Divergenze, tra i grandi della Terra, su come reagire alle provocazioni della Corea del Nord, dopo i continui test missilistici e alla luce dell'ultimo lancio, nel quale è stato testato un razzo intercontinentale in grado di arrivare all'Alaska e dunque al territorio degli Stati Uniti.

Proprio gli Usa hanno fatto pressioni, in particolare sulla Cina, affinché la comunità internazionale dia una risposta il più possibile dura ed efficace.

E Washington si è detta pronta "a usare qualsiasi mezzo", incluso l'intervento militare, per far abbassare la testa al regime di Kim Jong-un.

Di diverso avviso, però, Pechino e la Russia.

L'ambasciatore cinese alle Nazioni unite, Liu Jieyi, pur definendo i test di Pyongyang "inaccettabili", si è limitato a chiedere "moderazione", sollecitando a "evitare azioni provocatorie, retorica belligerante" e "dimostrando la volontà di dialogo incondizionato".

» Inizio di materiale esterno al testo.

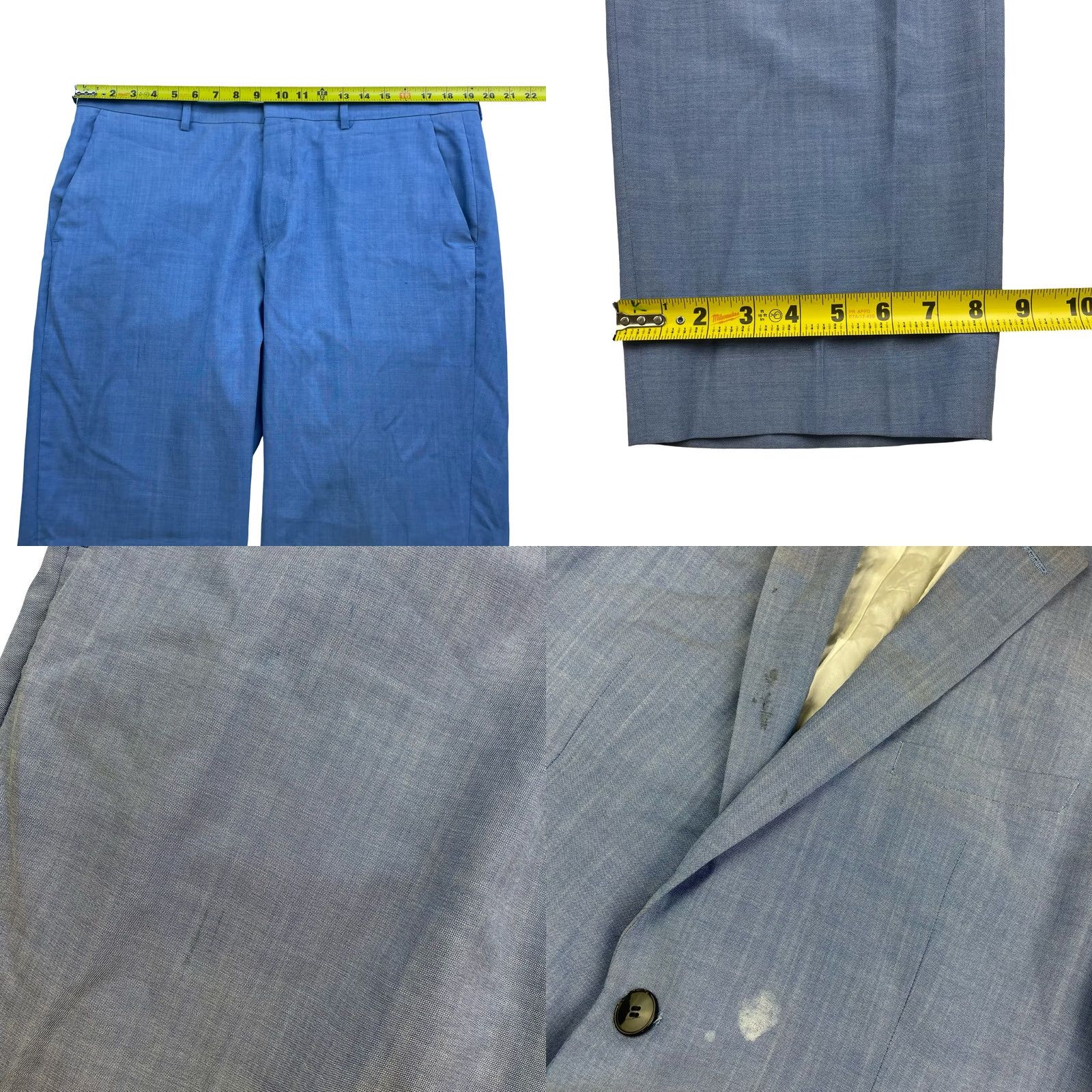 Hugo Boss VINTAGE Hugo Boss Men’s Jeffery 212 100% Wool 2-Button Suit Blue 44R 38x30 Mens Blazer Pants Two-Button Flat Front Solid Wool Suit 2 Piece Size 44R - 11 Thumbnail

Inoltre, la Cina ha chiesto lo stop al dispiegamento del sistema di difesa antimissile Thaad americano in Corea del Sud.

Toni spuntati anche dalla Russia, secondo cui "la possibilità di intraprendere misure militari per risolvere i problemi legati alla penisola coreana dovrebbe essere esclusa".

Più che la forza, ha detto il portavoce del Cremlino all'Onu Vladimir Safronkov, "esprimiamo il nostro appoggio all'idea che Nord e Sud Corea si impegnino in dialogo e consultazioni".

Poco, troppo poco, per l'amministrazione Trump, che vorrebbe, invece, un intervento risolutivo.